For cost reasons, retail banks and commercial banks are increasingly serving customers through online services or mobile apps while decreasing the number of physical branches that they operate.
Retail banks primarily focus on banking services for individuals. For example, providing checking account services, accepting deposits, and providing loans to individual customers. Retail banks also provide ancillary services such as safe deposit boxes and automatic payment services. This is often referred to as personal, consumer banking, or retail banking.
Customers are typically served in the local market via a branch or automated teller, and typical customers are individuals, families, and small businesses. Depository activities include checking accounts, savings accounts, and certificates of deposit (CDs). Lending focuses on personal credit (such as credit cards and personal lines of credit), home mortgages, vehicle loans, and other financing for large consumer purchases.

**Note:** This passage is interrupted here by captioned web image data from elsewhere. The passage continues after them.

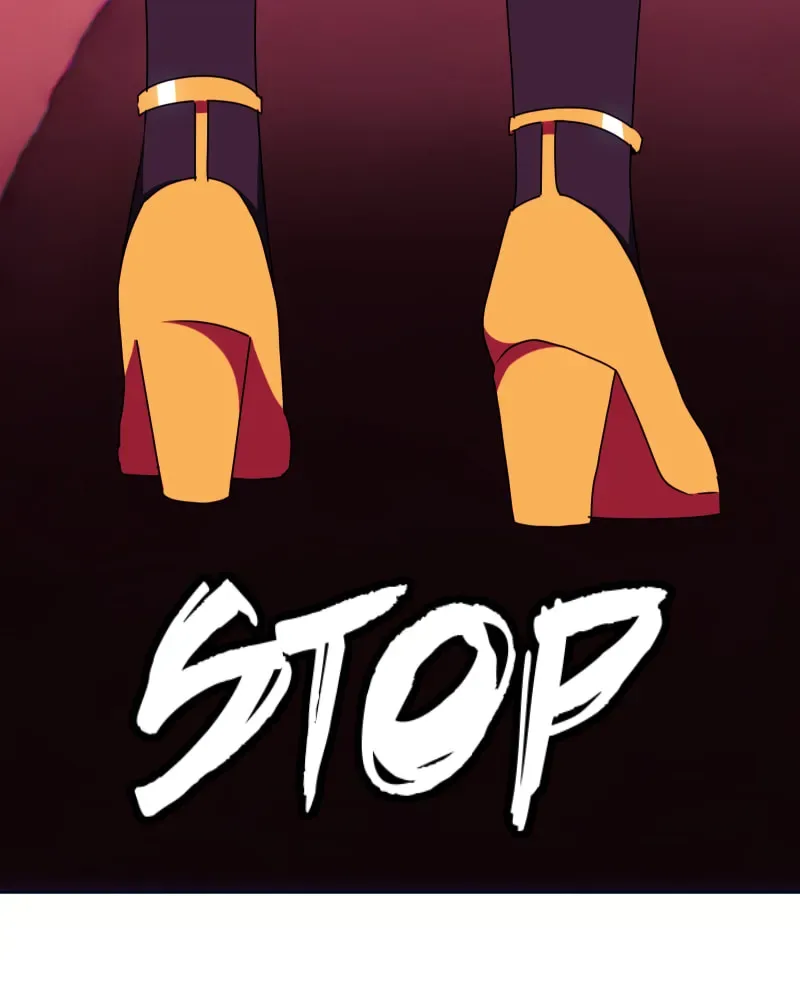 I'm the Grim Reaper Chapter 68 page 26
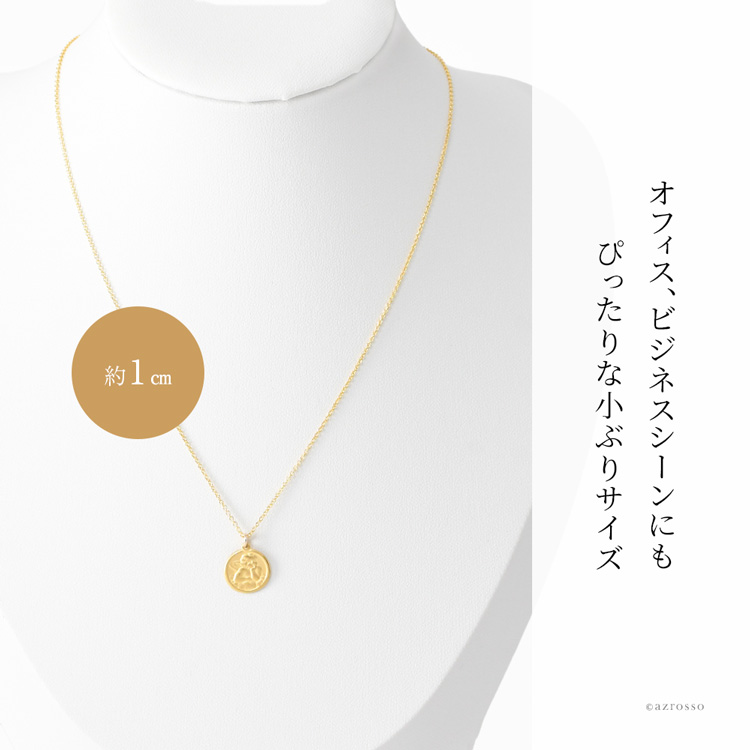詳細画像9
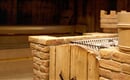 relaxační víkend - Relax na MAX - Laa-an-der-Thaya0008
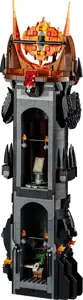 LEGO ICONS 10333 The Lord of the Rings: Barad-dûr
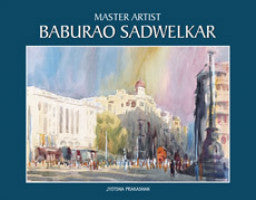 Master Artist Baburao Sadwelkar Rahul Deshpande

Retail banks make money by charging fees (for checking accounts, credit and debit cards, and other services) and the interest income from client loans. For retail banks, the key performance drivers typically include deposit growth and the extent of geographic coverage. Banks leverage technology to grow the customer base.
Investment banking is a subset of commercial or corporate banking that focuses on institutional clients instead of individuals. Investment banks serve corporate and institutional entities' capital market needs and they also provide advisory services.
When a company needs to attract additional capital via debt or equity issuance, investment banks underwrite the security issued on behalf of the institution seeking capital. Investment banks also provide advisory services to clients regarding capital market conditions and trends, mergers and acquisitions (M&As), and corporate finance.
The two largest investment banks worldwide, by revenue, are Goldman Sachs and Morgan Stanley, according to Statista.
Investment banks make money primarily through fee income negotiated as part of a capital markets transaction. Key performance drivers for investment banks are market competition for fee income, presence and reputation in the capital markets, and transaction frequency, size, and scale.